Multi-screen film in Secondary pumping station De Fabriek
The multi-screen film on display at De Fabriek Auxiliary Pumping Station takes you on a quick journey through the history of Kinderdijk. Find out how Kinderdijk (‘Children’s Dike’) got its name.
The film is featured across multiple screens, with English, Japanese, French, and German versions available at your request. A motley crew of historical characters explain how the windmill complex came about, why the name ‘Kinderdijk’ actually means ‘Children’s Dike’, and just how vital proper water management is for the Netherlands, since large parts of the country are below sea level. It is no longer mandatory to keep 1.5 meters distance, but do give each other some space.
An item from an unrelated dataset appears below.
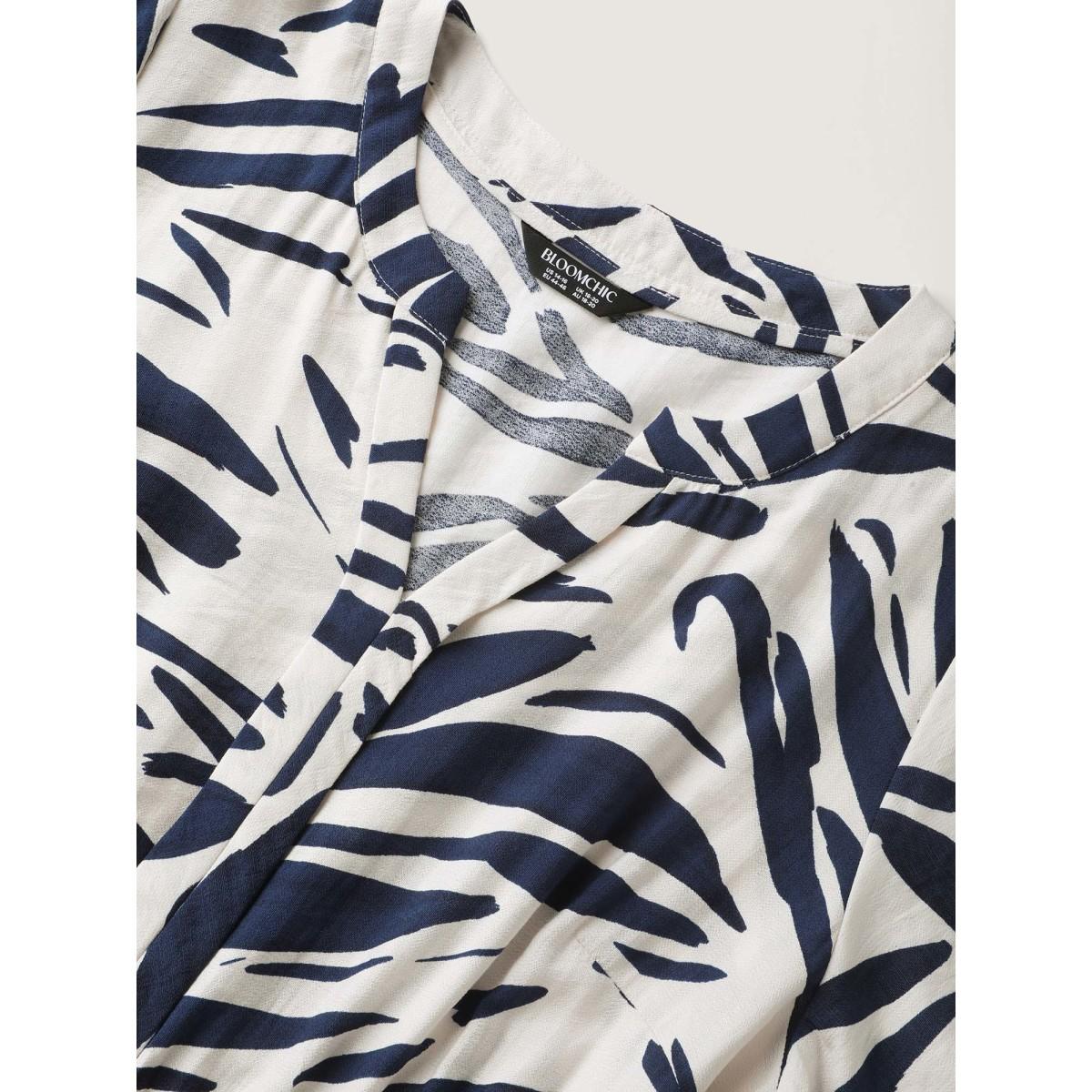 Plus Size Abstract Print Belted Pockets Midi Dress Ivory Women Office Belted Notched collar Short sleeve Curvy BloomChic 12/L Product Image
Secondary pumping station De Fabriek is one of three buildings comprising the entrance zone newly opened in April 2019. This imposing structure occupies a prime spot along the Overwaard’s Lower Basin. This is in fact a replica of the actual auxiliary pumping station that used to be on this very same spot up until 1995, when it was torn down. The decision to demolish the original building was made after the completion of the new G.N. Kok pumping station, which took over its part in regional water management. At the time, nobody thought it was necessary to find a new purpose for the old pumping station.
A special feature of the original secondary pumping station, which was used since 1953 to support the Wisboom facility, were its set of three pumps. These were machines left behind by US forces abandoning the area after the Second World War was over.